What this task involves: Where an entry below contains an image, skip the image and copy the rest exactly.

Provided data:
================

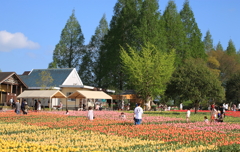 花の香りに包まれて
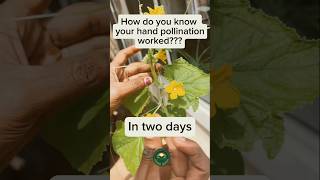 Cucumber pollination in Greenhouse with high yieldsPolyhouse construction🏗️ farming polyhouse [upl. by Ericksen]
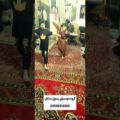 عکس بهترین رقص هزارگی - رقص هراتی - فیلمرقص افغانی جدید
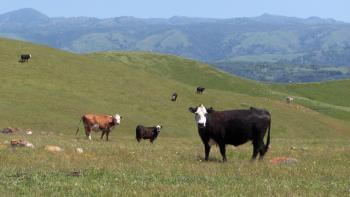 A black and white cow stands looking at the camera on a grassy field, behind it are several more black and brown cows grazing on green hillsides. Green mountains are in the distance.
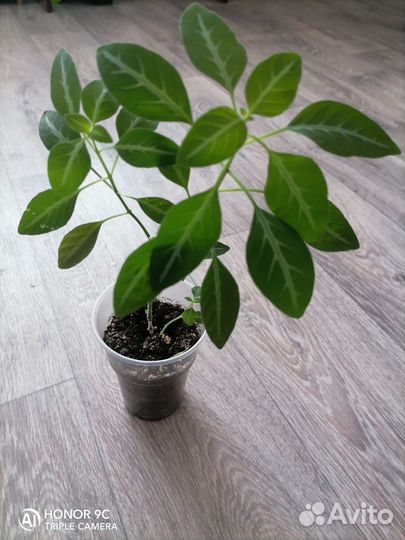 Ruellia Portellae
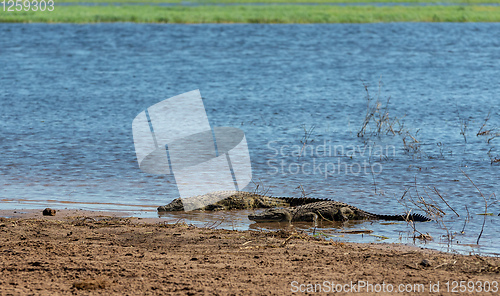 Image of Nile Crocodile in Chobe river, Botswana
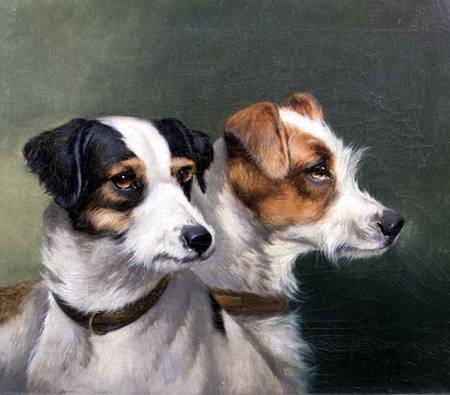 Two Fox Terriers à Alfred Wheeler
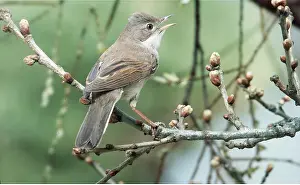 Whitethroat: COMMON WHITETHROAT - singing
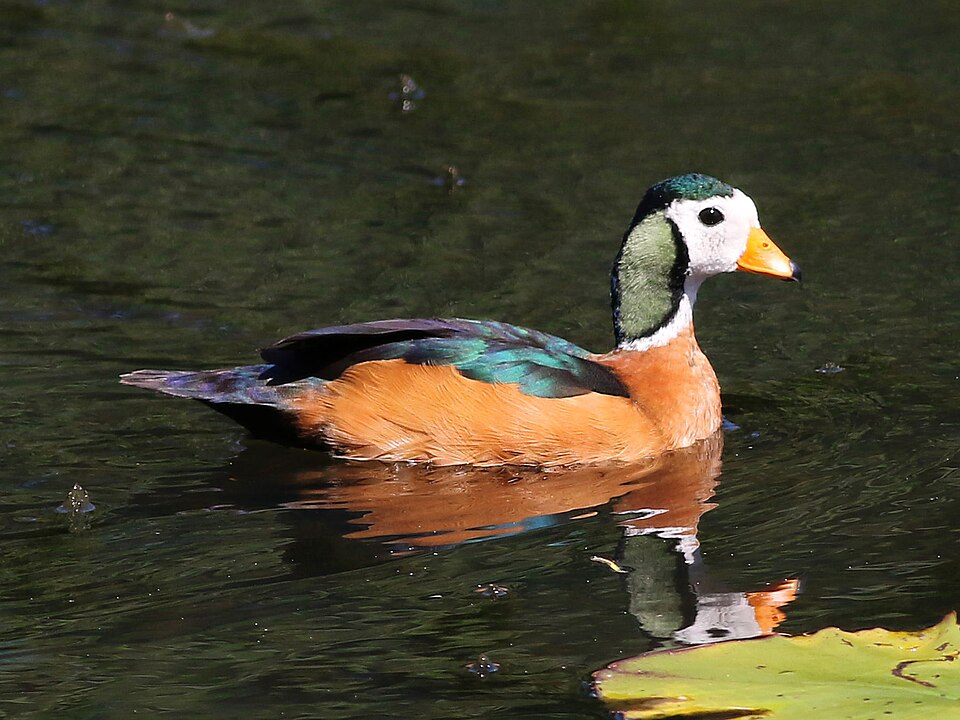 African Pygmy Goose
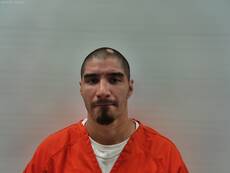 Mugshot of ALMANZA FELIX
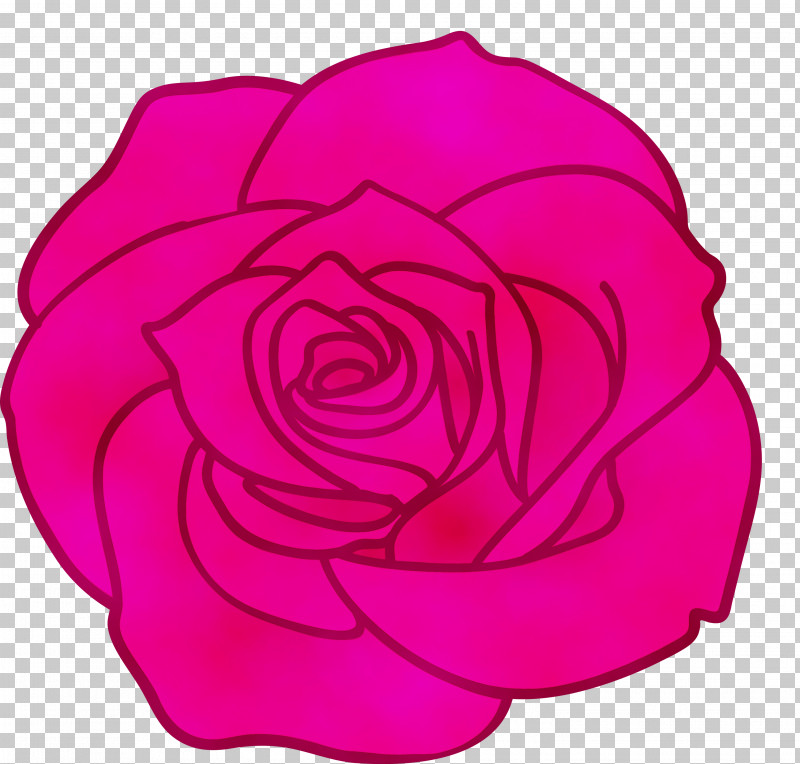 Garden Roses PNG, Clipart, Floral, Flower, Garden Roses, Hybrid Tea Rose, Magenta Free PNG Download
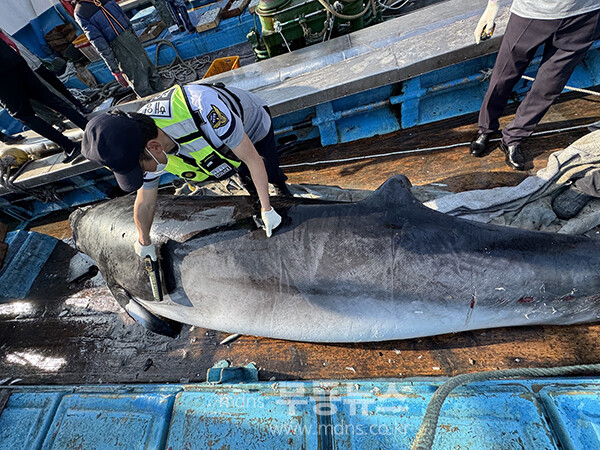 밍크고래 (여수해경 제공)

================

Task answer:
 花の香りに包まれて
 Cucumber pollination in Greenhouse with high yieldsPolyhouse construction🏗️ farming polyhouse [upl. by Ericksen]
 عکس بهترین رقص هزارگی - رقص هراتی - فیلمرقص افغانی جدید
 A black and white cow stands looking at the camera on a grassy field, behind it are several more black and brown cows grazing on green hillsides. Green mountains are in the distance.
 Ruellia Portellae
 Image of Nile Crocodile in Chobe river, Botswana
 Two Fox Terriers à Alfred Wheeler
 Whitethroat: COMMON WHITETHROAT - singing
 African Pygmy Goose
 Mugshot of ALMANZA FELIX
 Garden Roses PNG, Clipart, Floral, Flower, Garden Roses, Hybrid Tea Rose, Magenta Free PNG Download
 밍크고래 (여수해경 제공)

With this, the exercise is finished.